Describes source datasets. Explicitly listing the DOIs and/or URLs of input data help future users understand in greater detail how the derived data were created and may some day be able to assign attribution to the creators of referenced datasets.

Provenance metadata can be automatically generated for supported repositories simply by specifying an identifier (i.e. EDI) in the systemID column. For unsupported repositories (e.g. DataStore), the systemID column should be left blank.

For many monitoring protocols, there may not be any input datasets, instead the data package is based on newly collected & original data. In this case, leave provenance.txt blank.

Columns:

* **dataPackageID** Data package identifier. Supplying a valid packageID and systemID (of supported systems) is all that is needed to create a complete provenance record.
* **systemID** System (i.e. data repository) identifier. Currently supported systems are: EDI (Environmental Data Initiative). Leave this column blank unless specifying a supported system.
* **url** URL linking to an online source (i.e. data, paper, etc.). Required when a source can't be defined by a packageID and systemID.
* **onlineDescription** Description of the data source. Required when a source can't be defined by a packageID and systemID.
* **title** The source title. Required when a source can't be defined by a packageID and systemID.
* **givenName** A creator or contacts given name. Required when a source can't be defined by a packageID and systemID.
* **middleInitial** A creator or contacts middle initial. Required when a source can't be defined by a packageID and systemID.
* **surName** A creator or contacts middle initial. Required when a source can't be defined by a packageID and systemID.
* **role** "creator" and "contact" of the data source.
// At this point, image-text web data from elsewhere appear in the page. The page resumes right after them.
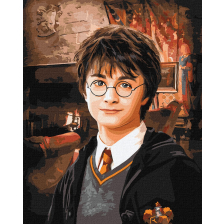 Рисуване по номера с акрилни металик бои върху платно на подрамка Harry Potter 40х50 см.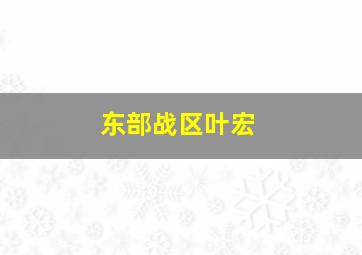 东部战区叶宏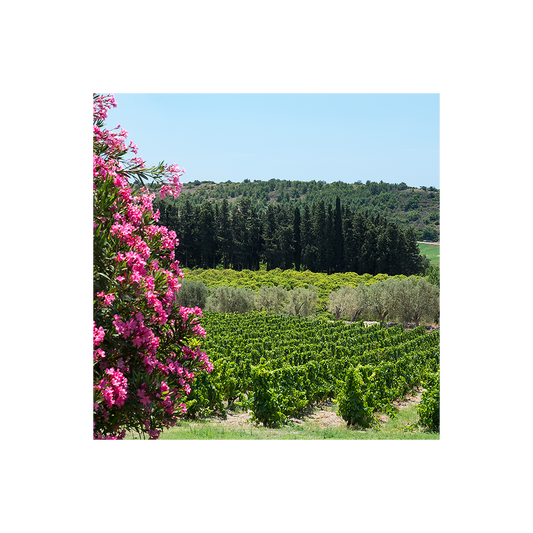 Private Zisola Wine Experience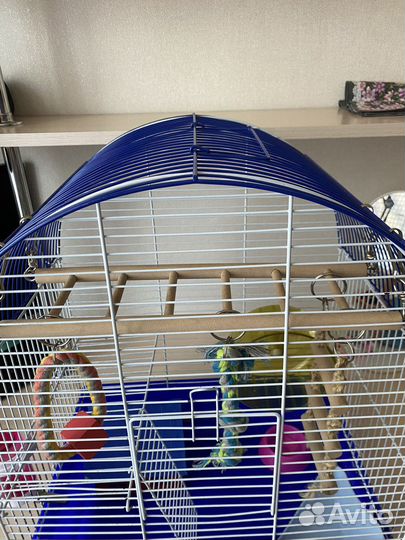 Клетка для грызунов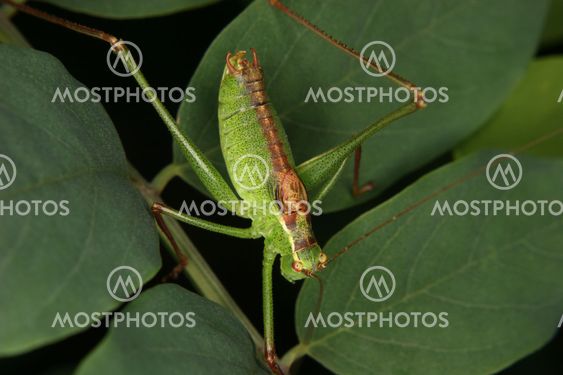 Speckled bush-cricket (Leptophyes punctatissima)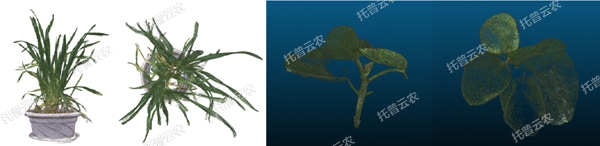 溫室型高通量植物表型采集分析平臺-3維.jpg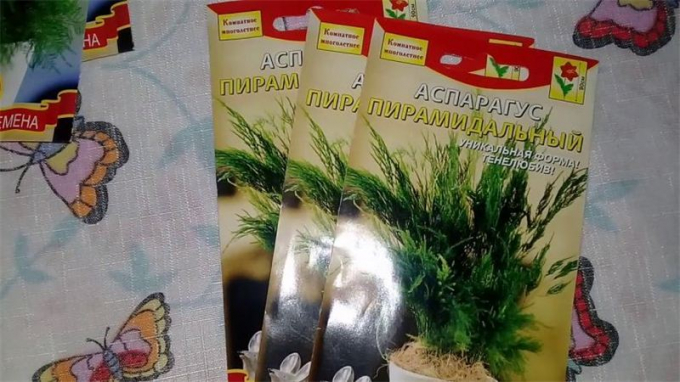 Насіння кімнатних квітів: як вибрати, де купити, посадка та догляд у домашніх умовах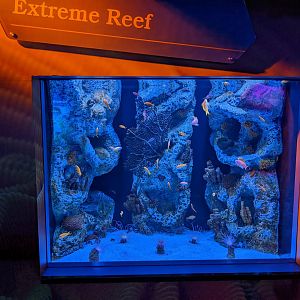 Extreme Reef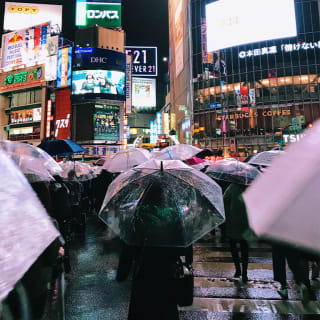 Planes bajo la lluvia 7 1
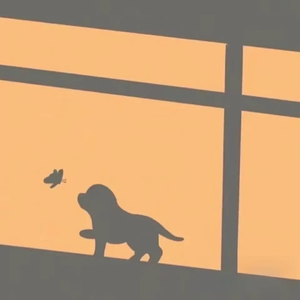 噜噜噜视频在线观看
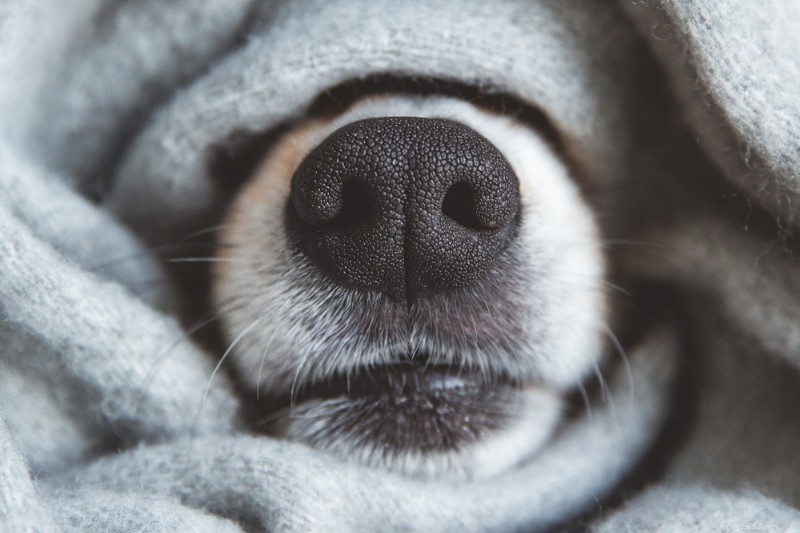 What Causes Your Dog to Shake and How to Address It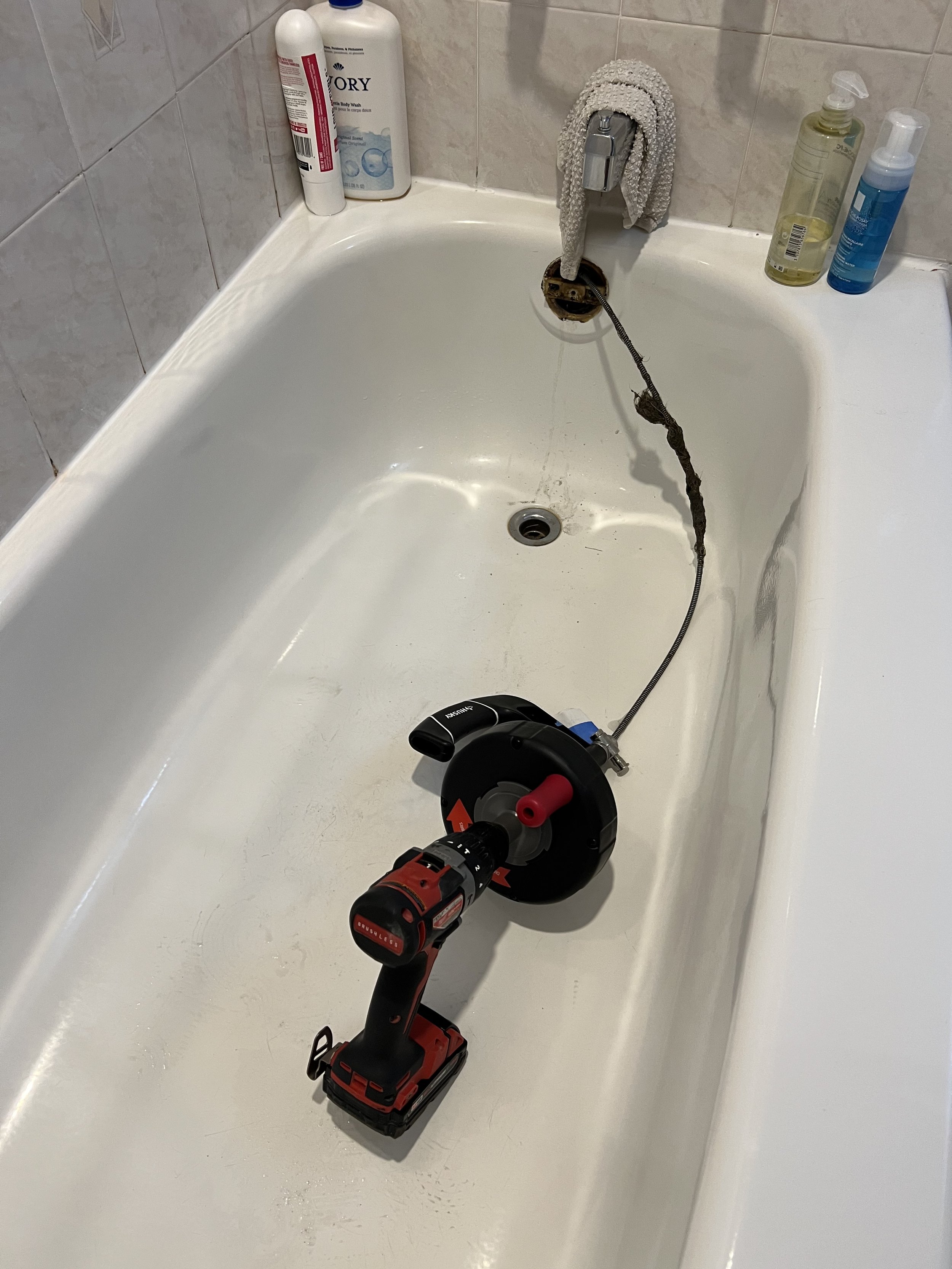 IMG_6569.jpeg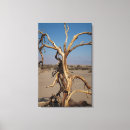Search for dead tree Barren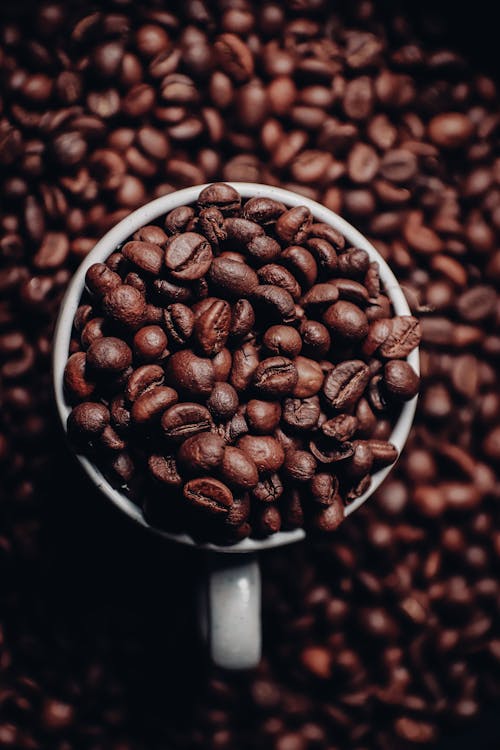 Cup of aromatic coffee beans on heap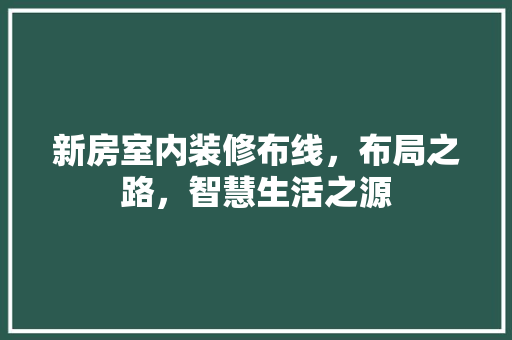 新房室内装修布线，布局之路，智慧生活之源 室内设计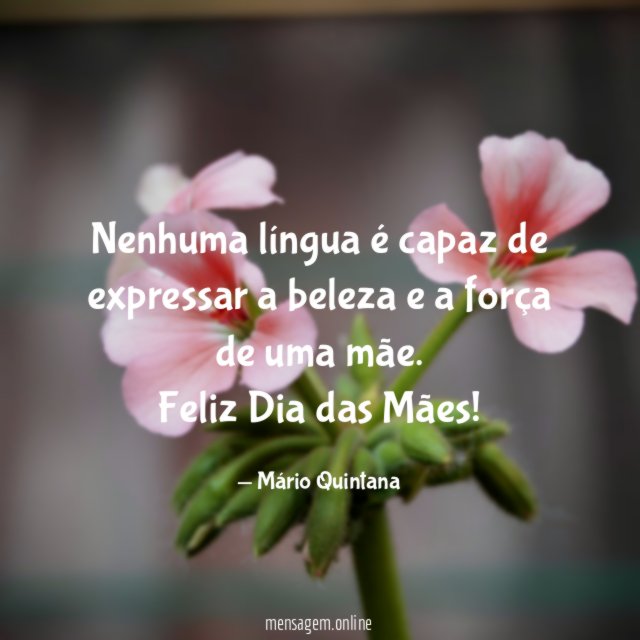 Nenhuma língua é capaz de expressar a beleza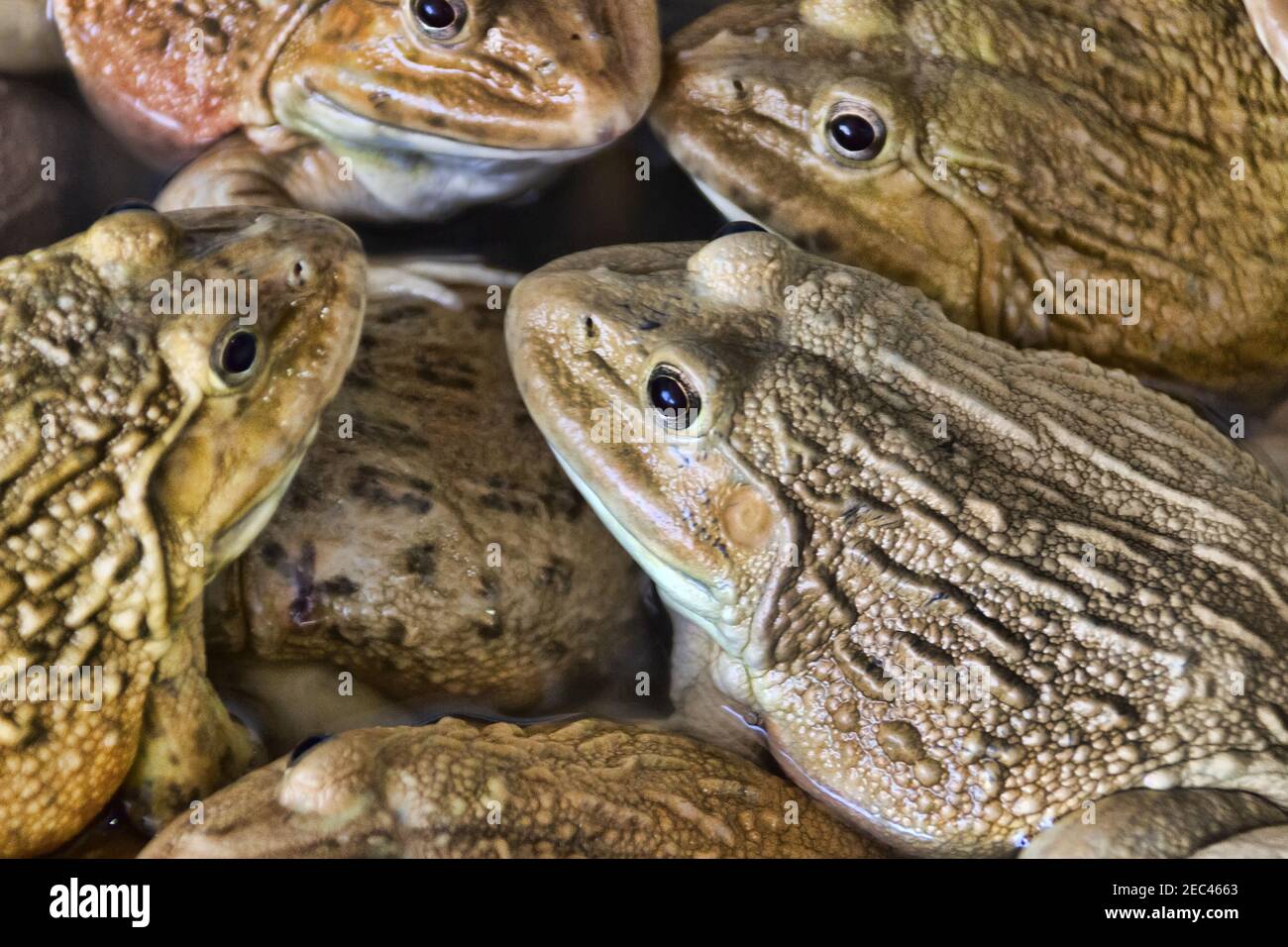 Chinesischer Bullfrog (Hoplobachus rugulosus) - Diese Frösche werden in Südostasien künstlich für die Nahrung gezüchtet. Thailändischer Markt. So genannte Feuchtmärkte Stockfoto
Required when a source can't be defined by a packageID and systemID. Add both the creator and contact as separate rows within the template, where the information in each row is duplicated except for the givenName, middleInitial, surName (or organizationName), and role fields.
* **organizationName** Name of organization the creator or contact belongs to. Required when a source can't be defined by a packageID and systemID.
* **email** Email of the creator or contact. Required when a source can't be defined by a packageID and systemID.

## annotations.txt

[__Example__](https://docs.google.com/spreadsheets/d/1TOS1-yCKUJEvDZwenZs88ok8L3tQkIAUQp24m-6WuL8/edit?usp=sharing)

Adds semantic meaning to metadata (variables, locations, persons, etc.) through links to ontology terms. This enables greater human understanding and machine actionability (linked data) and greatly improves the discoverability and interoperability of data in general.

Columns:

* **id** A unique identifier for the element being annotated.
* **element** The element being annotated.
* **context** The context of the subject (i.e. element value) being annotated (e.g. If the same column name occurs in more than one data tables, you will need to know which table it came from.).
* **subject** The element value to be annotated.
* **predicate_label** The predicate label (a.k.a. property) describing the relation of the subject to the object. This label should be copied directly from an ontology.
* **predicate_uri** The predicate label URI copied directly from an ontology.
* **object_label** The object label (a.k.a. value) describing the subject. This label should be copied directly from an ontology.
* **object_uri** The object URI copied from an ontology.

## additional_info

[__Example__](https://docs.google.com/document/d/1bbZ8iR9MOtTNGbbcev7fdjNCT7va9I8v-Ryv6jFCJYU/edit?usp=sharing)

Ancillary info not captured by any of the other templates.